* Exercise data:
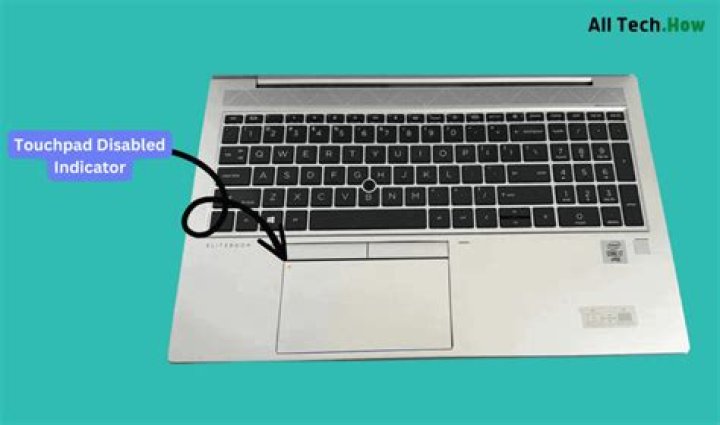 How do I unfreeze my touchpad on my HP probook?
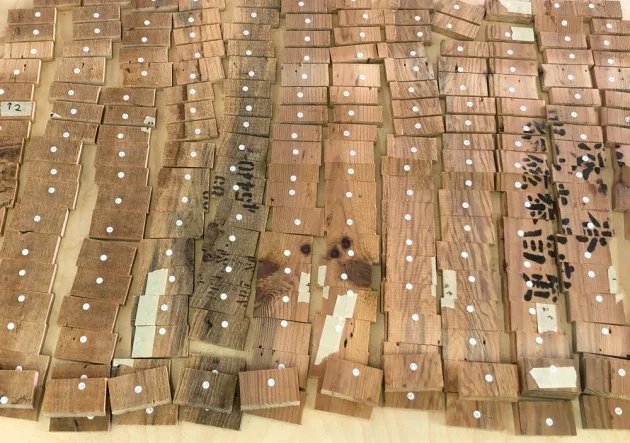 A feature in Australian Wood Review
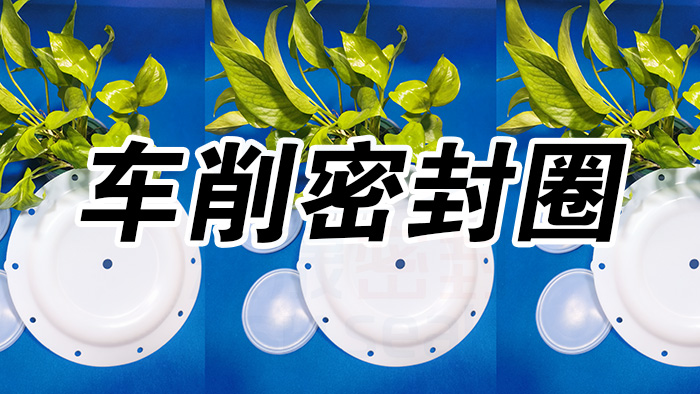 2車削密封圈，氣動(dòng)隔膜泵膜片密封件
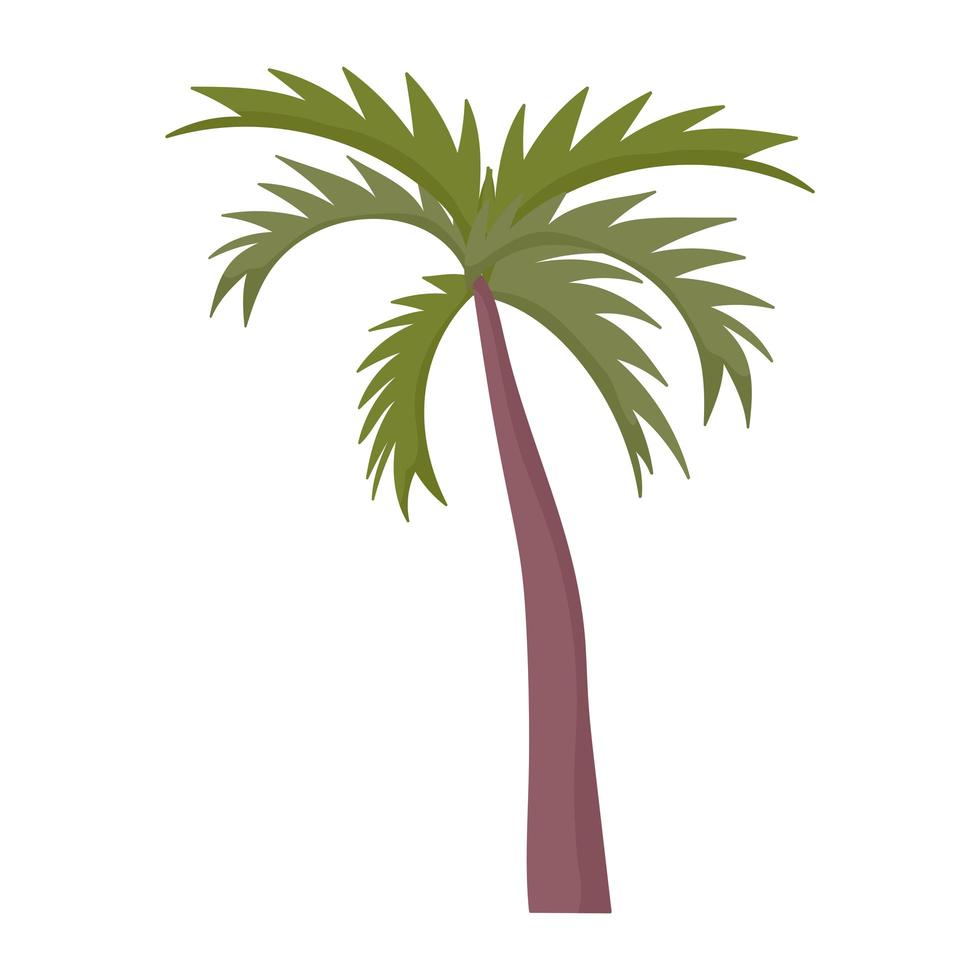 palmboom gebladerte tropische exotische plant pictogram cartoon vector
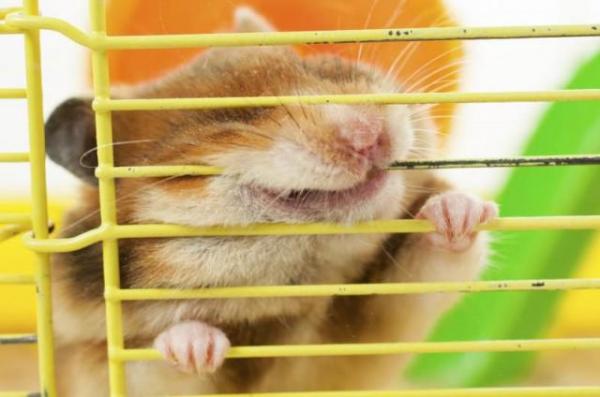 Miksi hamsteri ei syö?  - Hamsterisi ei syö, koska hän on surullinen tai stressaantunut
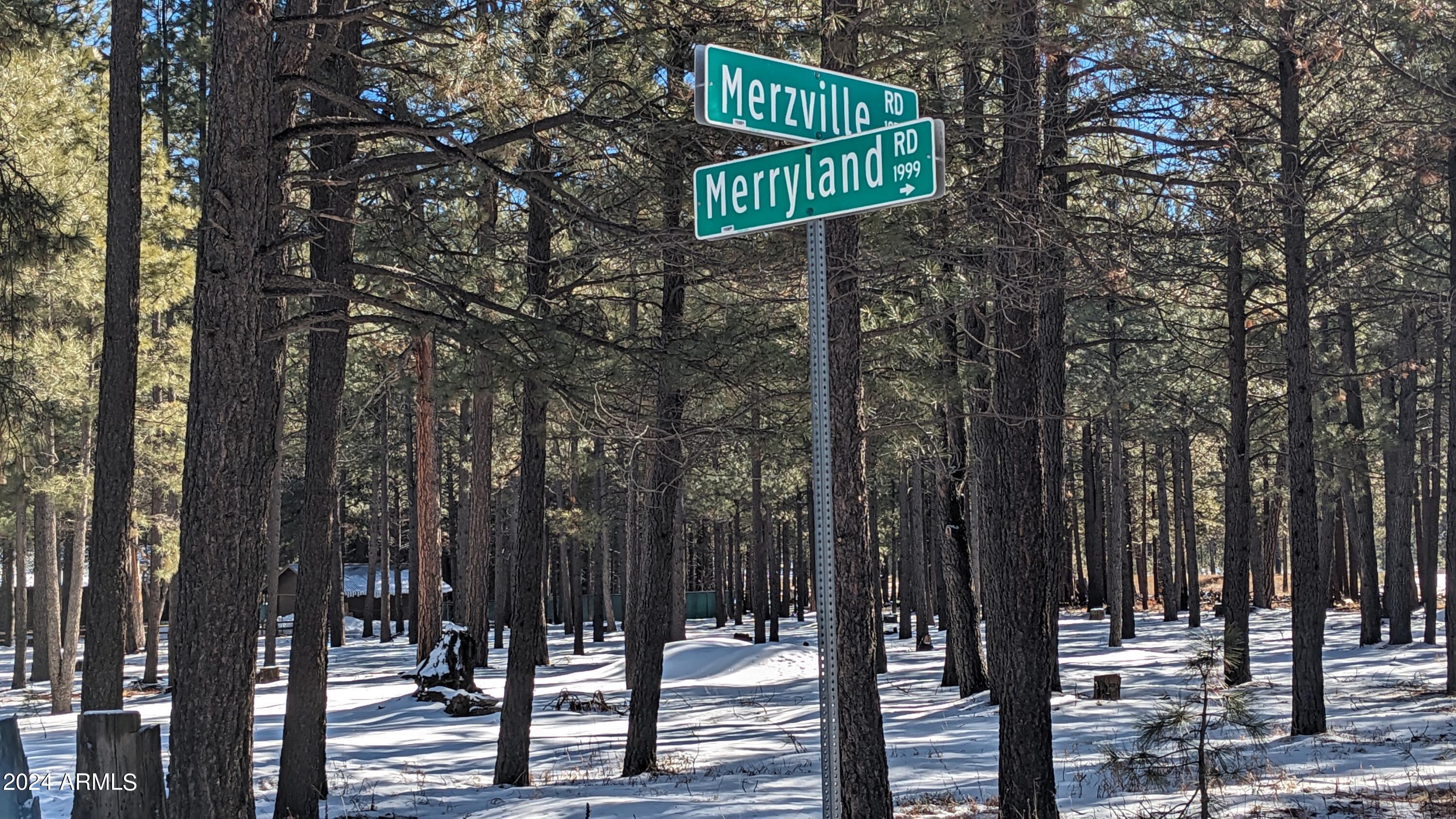 1960 MERRYLAND Road 233, Forest Lakes, AZ 85931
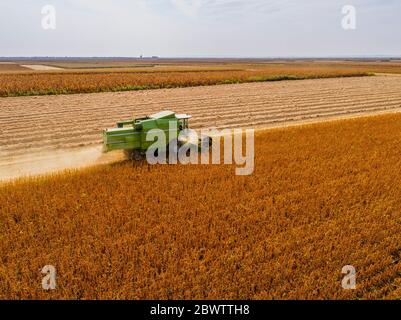 Vue aérienne de la moissonneuse-batteuse sur un champ de soja Banque D'Images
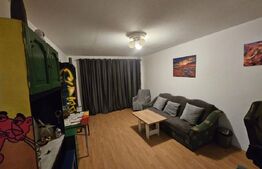 Apartament de 2 camere, decomandat, etajul 1, Rovine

* Your assignment: Everything in the data except the pictures must appear in your answer unchanged.

* Solution for this task:
 How do I unfreeze my touchpad on my HP probook?
 A feature in Australian Wood Review
 2車削密封圈，氣動(dòng)隔膜泵膜片密封件
 palmboom gebladerte tropische exotische plant pictogram cartoon vector
 Miksi hamsteri ei syö?  - Hamsterisi ei syö, koska hän on surullinen tai stressaantunut
 1960 MERRYLAND Road 233, Forest Lakes, AZ 85931
 Vue aérienne de la moissonneuse-batteuse sur un champ de soja Banque D'Images
 Apartament de 2 camere, decomandat, etajul 1, Rovine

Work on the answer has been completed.